Reconhecendo que não é feita para o justo, mas para transgressores e insubordinados, incrédulos e pecadores, ímpios e profanos, para os que matam pai e mãe e para homicidas, devassos, homossexuais, exploradores de homens,* mentirosos, os que proferem falsos juramentos e para todo o que é contrário à sã doutrina, a qual está em harmonia com o que me foi confiado, a saber, o evangelho da glória do Deus bendito” (1 Timóteo 1:9-11).

A FUNÇÃO PEDAGÓGICA - “O uso pedagógico; em outras palavras, o uso da lei para confrontar e refutar o pecado e para o propósito de nortear o caminho a Cristo” [4]. Esta função da lei mostra o pecado do homem e mostra sua necessidade para Cristo. Em Romanos 3:20, o apóstolo Paulo nos mostras exatamente isto, “Porque ninguém será justificado diante dele pelas obras da lei; pois pela lei vem o pleno conhecimento do pecado.”

A FUNÇÃO NORMATIVA - “Pertence aos cristãos em Cristo que tem sido salvos por fé à parte das obras.

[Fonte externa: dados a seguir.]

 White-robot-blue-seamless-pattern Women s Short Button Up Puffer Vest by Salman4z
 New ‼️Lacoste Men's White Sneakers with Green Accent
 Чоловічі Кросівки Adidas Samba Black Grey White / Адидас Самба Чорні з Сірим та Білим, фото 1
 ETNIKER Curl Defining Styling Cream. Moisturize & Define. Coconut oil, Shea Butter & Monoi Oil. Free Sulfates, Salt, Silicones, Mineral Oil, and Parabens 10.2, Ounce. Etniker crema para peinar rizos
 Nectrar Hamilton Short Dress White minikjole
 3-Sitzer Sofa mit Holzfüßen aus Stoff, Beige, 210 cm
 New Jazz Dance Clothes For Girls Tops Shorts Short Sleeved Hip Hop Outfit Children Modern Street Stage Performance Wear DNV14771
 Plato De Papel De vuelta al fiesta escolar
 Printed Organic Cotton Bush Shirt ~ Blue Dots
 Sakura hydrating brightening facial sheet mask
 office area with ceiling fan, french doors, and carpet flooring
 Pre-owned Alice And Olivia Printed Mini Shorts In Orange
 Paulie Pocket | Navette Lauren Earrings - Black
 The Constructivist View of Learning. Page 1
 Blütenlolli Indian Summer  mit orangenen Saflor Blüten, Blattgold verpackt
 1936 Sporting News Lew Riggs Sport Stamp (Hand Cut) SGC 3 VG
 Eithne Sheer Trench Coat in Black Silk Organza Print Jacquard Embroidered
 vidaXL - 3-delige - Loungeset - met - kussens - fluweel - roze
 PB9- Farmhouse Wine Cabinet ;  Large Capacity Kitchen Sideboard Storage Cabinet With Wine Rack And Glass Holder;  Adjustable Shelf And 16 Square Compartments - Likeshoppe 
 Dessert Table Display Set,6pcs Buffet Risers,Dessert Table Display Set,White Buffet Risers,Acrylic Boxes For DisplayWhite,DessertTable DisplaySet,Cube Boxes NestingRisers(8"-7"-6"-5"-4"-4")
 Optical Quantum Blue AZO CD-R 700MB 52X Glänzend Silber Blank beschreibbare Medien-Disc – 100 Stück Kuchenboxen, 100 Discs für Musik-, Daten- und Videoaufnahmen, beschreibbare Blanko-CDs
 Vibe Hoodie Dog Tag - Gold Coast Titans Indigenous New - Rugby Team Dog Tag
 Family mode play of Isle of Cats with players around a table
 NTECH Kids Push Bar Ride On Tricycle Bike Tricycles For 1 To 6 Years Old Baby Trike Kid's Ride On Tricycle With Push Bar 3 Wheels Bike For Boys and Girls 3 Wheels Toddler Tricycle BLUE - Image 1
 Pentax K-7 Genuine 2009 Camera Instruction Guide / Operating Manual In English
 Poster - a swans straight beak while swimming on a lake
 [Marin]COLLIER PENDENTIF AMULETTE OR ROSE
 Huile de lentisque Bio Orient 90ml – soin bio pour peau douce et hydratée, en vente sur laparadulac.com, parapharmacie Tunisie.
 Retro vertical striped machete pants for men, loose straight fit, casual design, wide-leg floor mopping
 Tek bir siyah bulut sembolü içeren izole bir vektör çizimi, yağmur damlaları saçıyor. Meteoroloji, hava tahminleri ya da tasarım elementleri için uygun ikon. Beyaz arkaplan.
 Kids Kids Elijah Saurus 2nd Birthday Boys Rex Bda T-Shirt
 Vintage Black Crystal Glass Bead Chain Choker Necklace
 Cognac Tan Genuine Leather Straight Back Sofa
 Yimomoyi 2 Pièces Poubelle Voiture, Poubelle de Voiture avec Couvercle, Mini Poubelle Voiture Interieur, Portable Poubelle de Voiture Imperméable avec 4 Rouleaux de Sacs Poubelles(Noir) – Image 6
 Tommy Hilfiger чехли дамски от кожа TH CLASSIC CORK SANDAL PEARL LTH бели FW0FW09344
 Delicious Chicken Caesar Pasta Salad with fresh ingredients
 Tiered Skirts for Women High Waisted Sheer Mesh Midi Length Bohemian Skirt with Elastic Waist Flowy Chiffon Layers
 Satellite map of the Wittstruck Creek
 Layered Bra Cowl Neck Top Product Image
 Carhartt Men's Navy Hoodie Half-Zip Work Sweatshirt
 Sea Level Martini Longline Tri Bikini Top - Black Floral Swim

Na vida regenerada, a lei não tem mais a função condenatória, já que não tem mais a função pedagógica contra o homem, como a base para a salvação, mas atua como uma norma de conduta, aceita livremente por aqueles em que a graça de Deus trabalha o bem.” [5] Em João 14:15, Jesus diz, “Se me amardes, obedecereis aos meus mandamentos.”

“Gosto de fazer a tua vontade, ó meu Deus; sim, tua lei está dentro do meu coração” (Salmos 40:8).

Vós mesmos sois a nossa carta, escrita em nosso coração, conhecida e lida por todos, manifestos como carta de Cristo, ministrada por nós, escrita não com tinta, mas pelo Espírito do Deus vivo, não em tábuas de pedra, mas em tábuas de corações de carne” (2 Coríntios 3.2-3).

Estas são as três funções principais da Lei de Deus hoje. Existem muitos problemas atuais na Igreja de Cristo referentes à Lei de Deus. Se faz necessário reconsiderar aquilo que pensamos sobre a lei de Deus, e ver se está em conformidade com as Escrituras. Este será um grande passo para corrigir de forma saúdavel os erros que os falsos mestres da lei tem ensinado nos dias de hoje, combatendo o legalismo e antinomianismo existente na igreja brasileira.

O autor, J. Gresham Machen, escreveu, “Uma proclamação nova e mais poderosa desta lei é talvez a necessidade mais urgente deste tempo; os homens teriam poucas dificuldades com o evangelho, se tivessem somente aprendido a lição da lei... Assim tem sido sempre: um ponto de vista baixo da lei sempre traz legalismo na religião; um ponto de vista alto faz um homem buscar sempre a graça. Oremos a Deus que o ponto de vista alto sempre prevaleça de novo.” [6]

Sejamos firmes em lutar contra os falsos mestres da lei que surgem nos dias atuais, e seguir os ensinos de Cristo em obediência e ações de graça.

Que a graça do nosso Senhor, Jesus Cristo, esteja sempre conosco, e a sabedoria de Deus nos oriente cada dia, e o poder do Espírito nos ajude a ser fiéis servos de Deus, hoje e sempre. Amém.


REFERÊNCIAS:

[1] Se deseja entender melhor sobre a triple divisão da Lei de Deus, recomendo a leitura do livro de Jonathan F Bayes, ‘The threefold divisions of the law,’ The Christian Institute, UK. http://www.christian.org.uk/wp-content/downloads/the-threefold-division-of-the-law.pdf

[2] Richard A. Muller, Dictionary of Latin and Greek Theological Terms.  (Grand Rapids:  Baker Books, 1985), 320.

[3] R C Sproul, “The Treefold Use of the Law.” http://www.monergism.com/thethreshold/articles/onsite/sproul/threefold_law.html

[4] Richard A. Muller, Dictionary of Latin and Greek Theological Terms.  (Grand Rapids:  Baker Books, 1985), 320.

[5] Ibid, 321.

[6] J. Gresham Machen, What is Faith?  (Grand Rapids:  Wm. B. Eerdmans Publishing Co., [1925] 1974), 141-142.